Prior to its introduction, the general perception was that higher quality requires higher costs, either by buying better materials or machines or by hiring more labor. Furthermore, while cost accounting had evolved to categorize financial transactions into revenues, expenses, and changes in shareholder equity, it had not attempted to categorize costs relevant to quality, which is especially important given that most people involved in manufacturing never set hands on the product.
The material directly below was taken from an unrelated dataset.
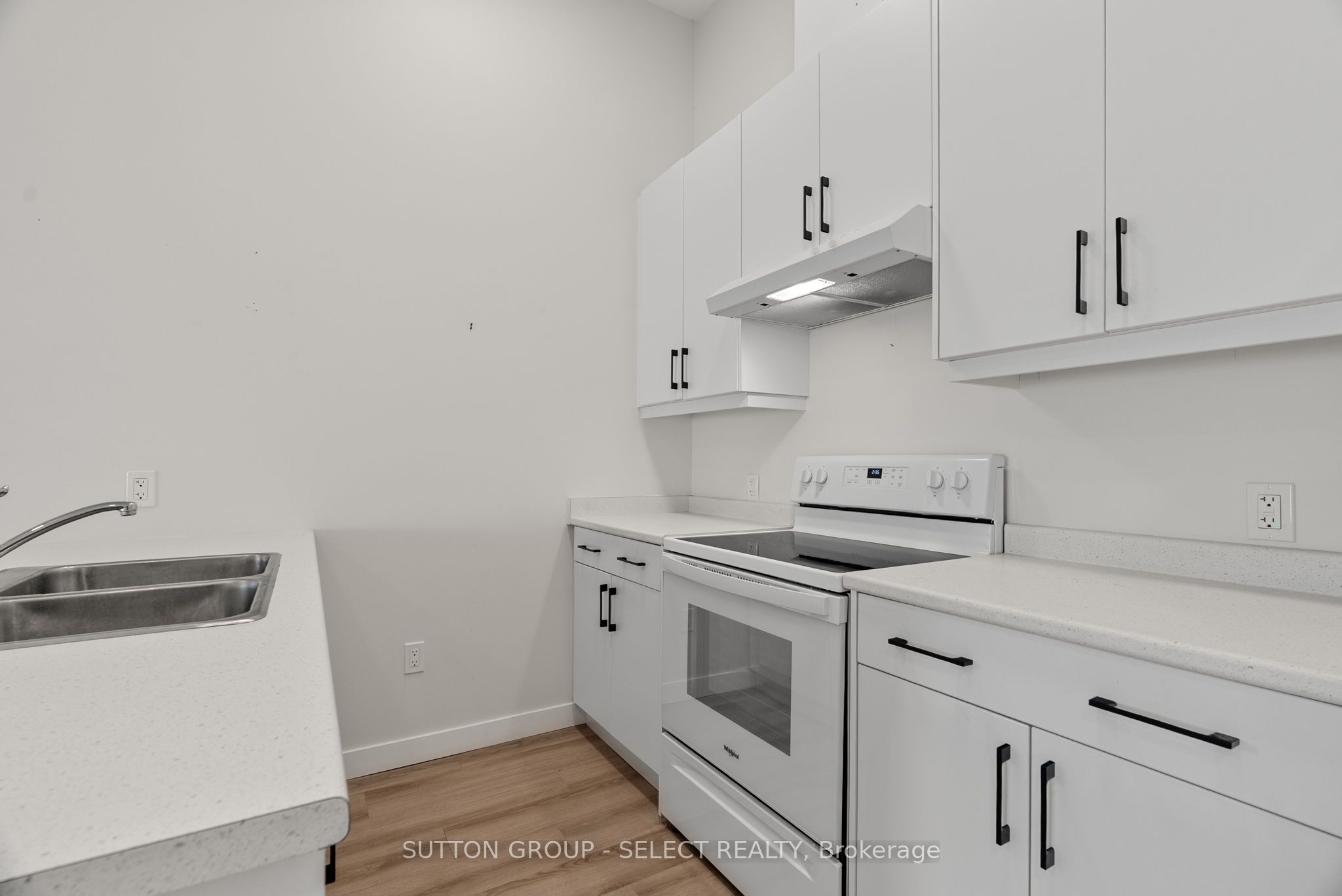 370 William Street Property Photo 11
By classifying quality-related entries from a company's general ledger, management and quality practitioners can evaluate investments in quality based on cost improvement and profit enhancement.

==Definitions==
Feigenbaum defined the following quality cost areas:

| Cost area |  | Description | Examples |
| Costs of control (Costs of conformance) | Prevention costs | Arise from efforts to keep defects from occurring at all | Quality planning; Statistical process control; Investment in quality-related information systems; Quality training and workforce development; Product-design verification; Systems development and management; |
| Appraisal costs | Arise from detecting defects via inspection, test, audit | Test and inspection of purchased materials; Acceptance testing; Inspection; Testing; Checking labor; Setup for test or inspection; Test and inspection equipment; Quality audits; Field testing; |
| Costs of failure of control (Costs of non-conformance) | Internal failure costs | Arise from defects caught internally and dealt with by discarding or repairing the defective items | Scrap; Rework; Material procurement costs; |
| External failure costs | Arise from defects that actually reach customers | Complaints in warranty; Complaints out of warranty; Product service; Product liability; Product recall; Loss of reputation; |

The central theme of quality improvement is that larger investments in prevention drive even larger savings in quality-related failures and appraisal efforts. Feigenbaum's categorization allows the organization to verify this for itself. When confronted with mounting numbers of defects, organizations typically react by throwing more and more people into inspection roles. But inspection is never completely effective, so appraisal costs stay high as long as the failure costs stay high. The only way out of the predicament is to establish the "right" amount of prevention.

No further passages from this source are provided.